Flying Penguin Productions. Goodwood Theatre. 6 September 2018
Flying Penguin is airborne again with this shining night of two one-hour, one-act, one-actor plays under the title Solo – it’s a format of theatre that we are used to seeing during the Fringe that doesn't get much of a look-in the rest of the year.
Bitch Boxer was big box office during the 2014 Adelaide Fringe when artistic director Martha Lott of Holden Street Theatres brought the show from Edinburgh, and it has the same punch in Jordan Cowan's performance under David Mealor's direction. Bitch Boxer was British performer and playwright Charlotte Josephine's first play for which she won the Soho Theatre Young Writers Award in 2012, while the Adelaide production won the Fringe Award in 2014. It's a high octane, heart-warping story of the resilience and gumption of a young lady from Leytonstone aiming to be one the first female boxing Olympians. Her trainer, her coach, her mentor, her guiding light - her father - passes away early in the proceedings and Josephine, channeling through Cowan, reveals to us a doubly determined Chloe with all her flaws warping and weaving her way to winning.

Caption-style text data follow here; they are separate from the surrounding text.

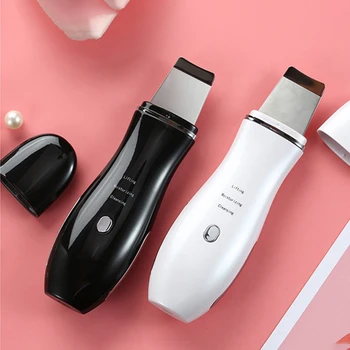 

Ultrasonic Electric Shovel Face Skin Cleansing Blackhead Removal Ion Beauty Import Instrument Skin Scraber Deep Peeling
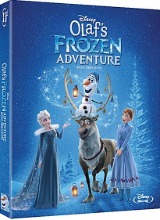 Olaf&#039;s Frozen Adventure Blu-ray w/ Slipcover
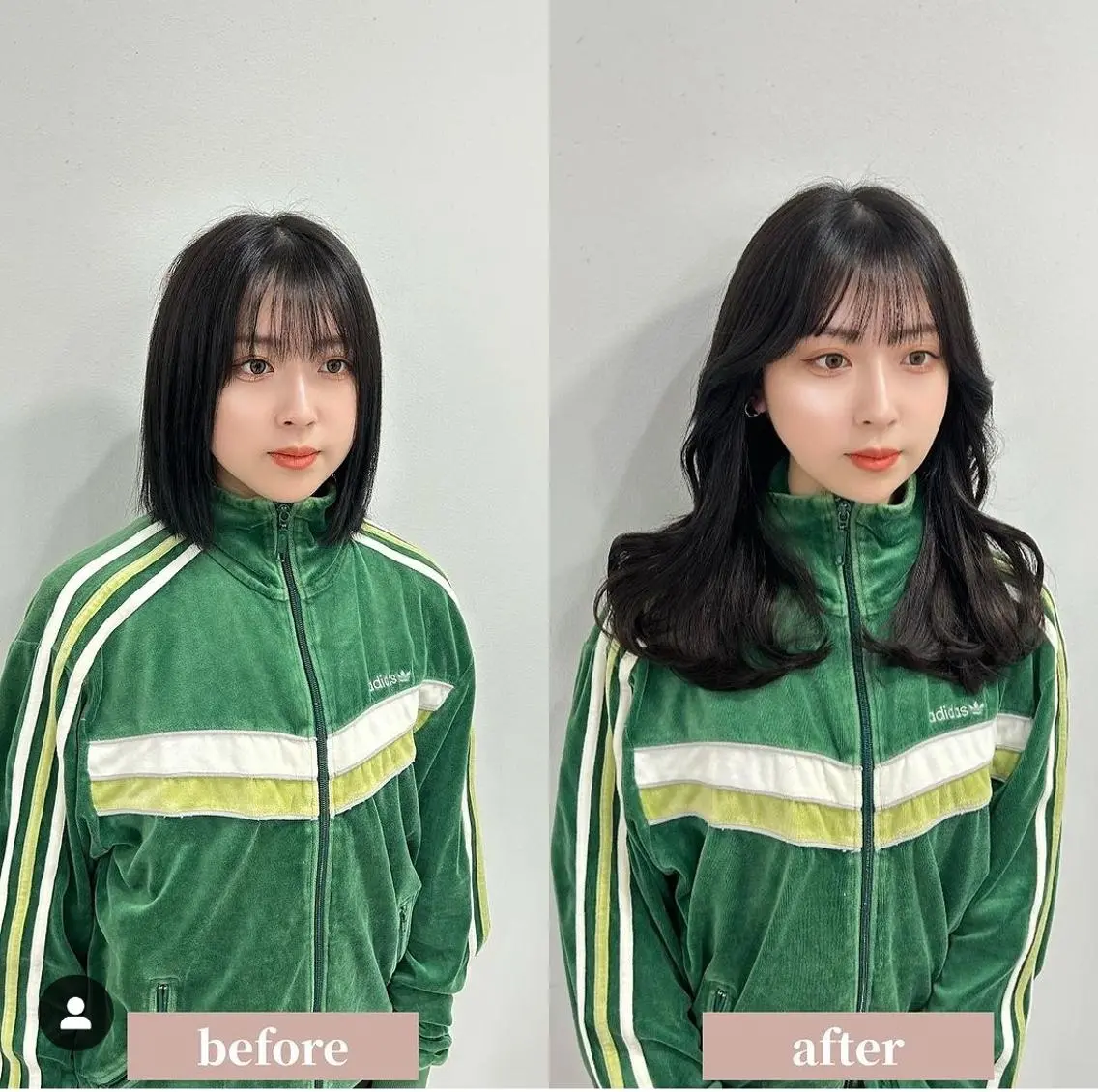 【大阪】韓国アイドル風ロング✨シールエクステ60枚\9,000の写真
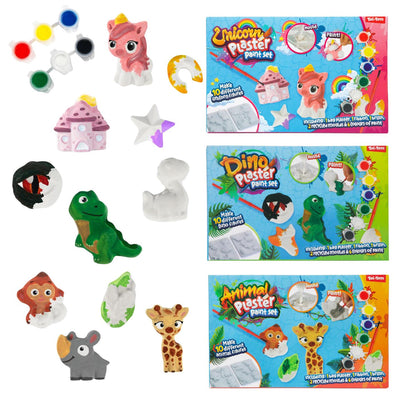 Toi-Toys Set Gipsabdruck Wildtiere
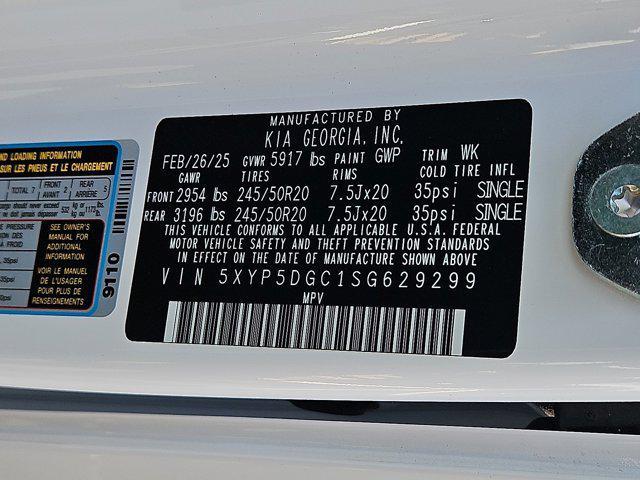 new 2025 Kia Telluride car, priced at $52,020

Mealor and set designer Kathryn Sproul arrange the tiny studio space at the Goodwood Theatres with the audience sitting in bleachers around a boxing ring. But Cowan left me behind as she rushed through the opening scene with unfocussed energy and blurred speech. However, she shook this off and settled into the business of having Chloe box her way out of grieving. Movement director Toblah Booth-Remmers and boxing coach Robart Rijkelijkhulzan aided Cowan in matching a boxer's moves, but the more poignant moments - found in the rituals of boxing: wrapping on the knuckle tape, strapping on the gloves and the excruciatingly tense minutes before the match - really connect. Cowan was magnificently matched against herself in a whirling fight so exciting I wanted to cheer. I miss my father too.
Actor Renato Musolino is an Adelaide treasure and very likely you have already seen him in a Flying Penguin or State Theatre production. (He'll be in State's The Gods of Strangers in November.) In Sea Wall, British playwright Simon Stephens takes a simple tale of a mishap and transforms it into an ethereal and heart-breaking exploration through metaphor and meaning. And Musolino is your man to perform it. Looking diminutive and vulnerable from the onset, character Alex lets us into his life, a life with his wife and daughter so perfect that there is no need to have another child. They even holiday at his father-in-law's seaside villa in France. But something is going to happen...me thinks. Brace yourself. Musolino conveys the necessaries with direct and frank exchanges with the audience and it feels like he's talking only to you. He is wholly in the moment and drags you right down in there with him. Dramatic tension and mood expression are beautifully heightened with Quentin Grant's composition and sound design, and Chris Petridis's lighting. Director David Mealor keeps it so simple and so beautiful, focusing on Musolino's rendition. Bravo!